Another vaccination-related variable displays a large gap of 708%. It represents parents who will “definitely not vaccinate their oldest child”, with medians of 26% to 27% in Group A and only 17% to 18% in Group B (see Figure 9). This rejection of children’s vaccination grows noticeably for Group A, from under 22% to over 27%. It also grows for Group B, from under 14% to 19–21% but then falls again to 16–18%.
Figure 9. Indicator representing parents’ rejection of vaccinating their children for COVID-19. The purple band spans the median values of the two lower education levels (Group A), while the teal band represents the higher education levels (Group B). Here, Group A has much higher medians than Group B, with monthly values growing through the first half of 2022 covered by this survey question. A significant and widening gap persists throughout the pandemic. Data source: [].
At the other end of the distribution shown in Figure 4, the six indicators with over 5-fold gaps between higher Group A and lower Group B values include vaccination- and symptom-related survey questions. The gap between the percentages of lesser-educated people who report having difficulties getting time away from school or work as a barrier to vaccination and the corresponding percentages in the better-educated group is almost 40 times greater than the larger within-group range. However, this metric is subject to extremely narrow within-group differences, which affect the ratio.

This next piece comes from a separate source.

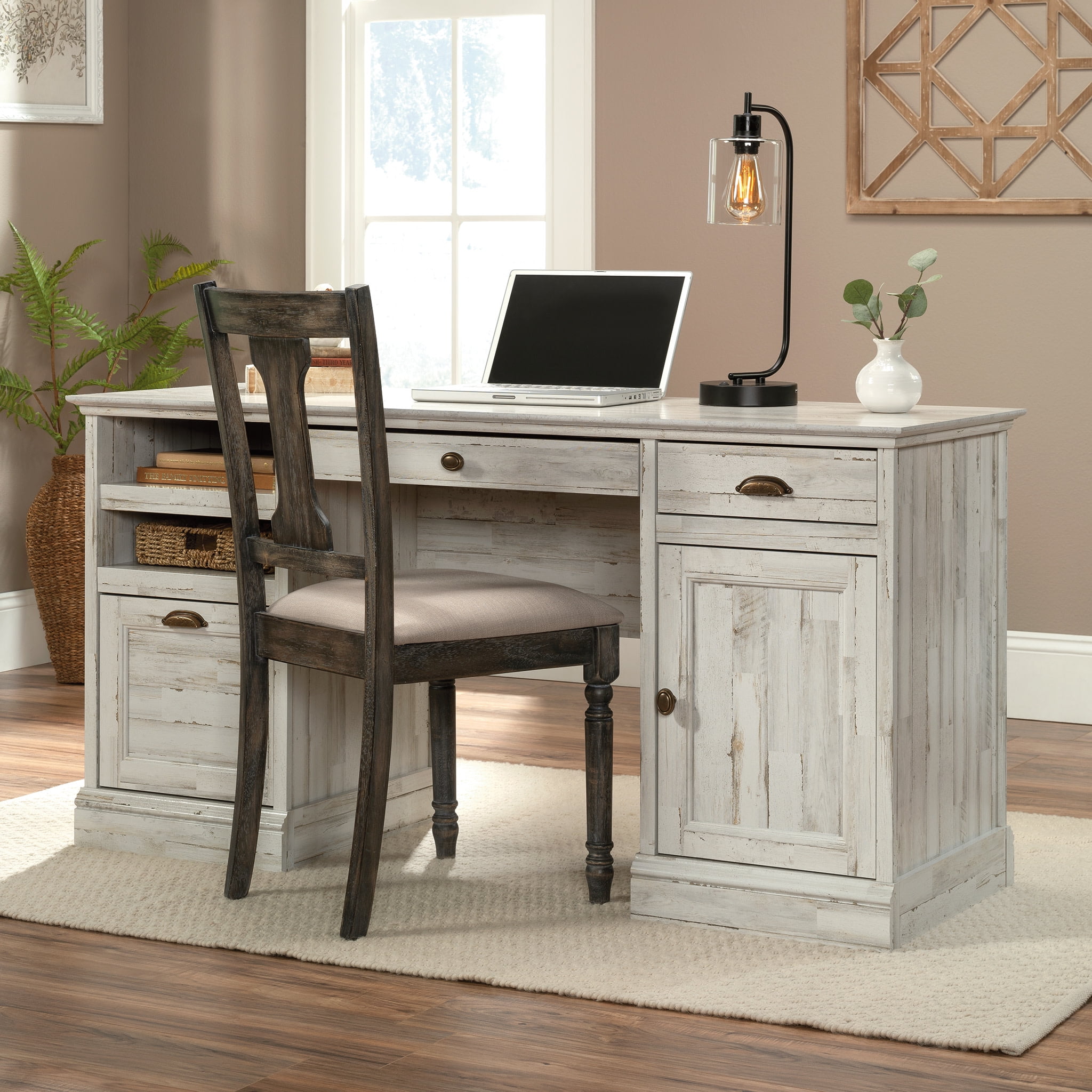 Sauder Barrister Lane Executive Desk, White Plank Finish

Additional vaccination-related indicators with gaps between 200% and 500% include vaccine_incomplete_distrust_vaccine and hesitant_barrier_distrust_vaccines. However, the question about reasons for incomplete vaccination was only included in the survey from February to August 2021 and has complete data only from March to May 2021 (see Figure 10, left).
Figure 10. Distrust of the COVID-19 vaccines as a reason for incomplete vaccination (left) and vaccine hesitancy (right). The purple band spans the median values of the two lower education levels (Group A), while the teal band represents the higher education levels (Group B). Despite significantly greater average distrust among Group A, Group B caught up by late 2021 and surpassed Group A, in particular high-school graduates, by mid 2022. Data source: [].
Interestingly, responses to the question pertaining to distrust of the vaccines as a reason for hesitancy to get vaccinated grew larger throughout the vaccination campaign for all groups (see Figure 10, right). Despite the significant gap of −208% between medians, the more educated Group B, which started noticeably lower than Group A, ended up above Group A, i.e., with greater distrust, by mid-2022.
The remaining vaccine-related indicators with a 2- to 5-fold gap between groups concerned time and cost as barriers to getting vaccinated.
Returning to the set of indicators with the greatest gaps > 500%, four indicators refer to having symptoms of illness during the 24 h preceding the survey, including cough, diarrhea, eye pain, and sleep changes. Additional symptoms with gaps between 200% and 500% include headaches, sore throat, nausea, and difficulty breathing. While the survey included a total of 76 symptom-related questions, only 20 asked about the presence of specific symptoms in the last 24 h, and 10 of these were skewed towards the lower-education Group A (and none was skewed in the other direction).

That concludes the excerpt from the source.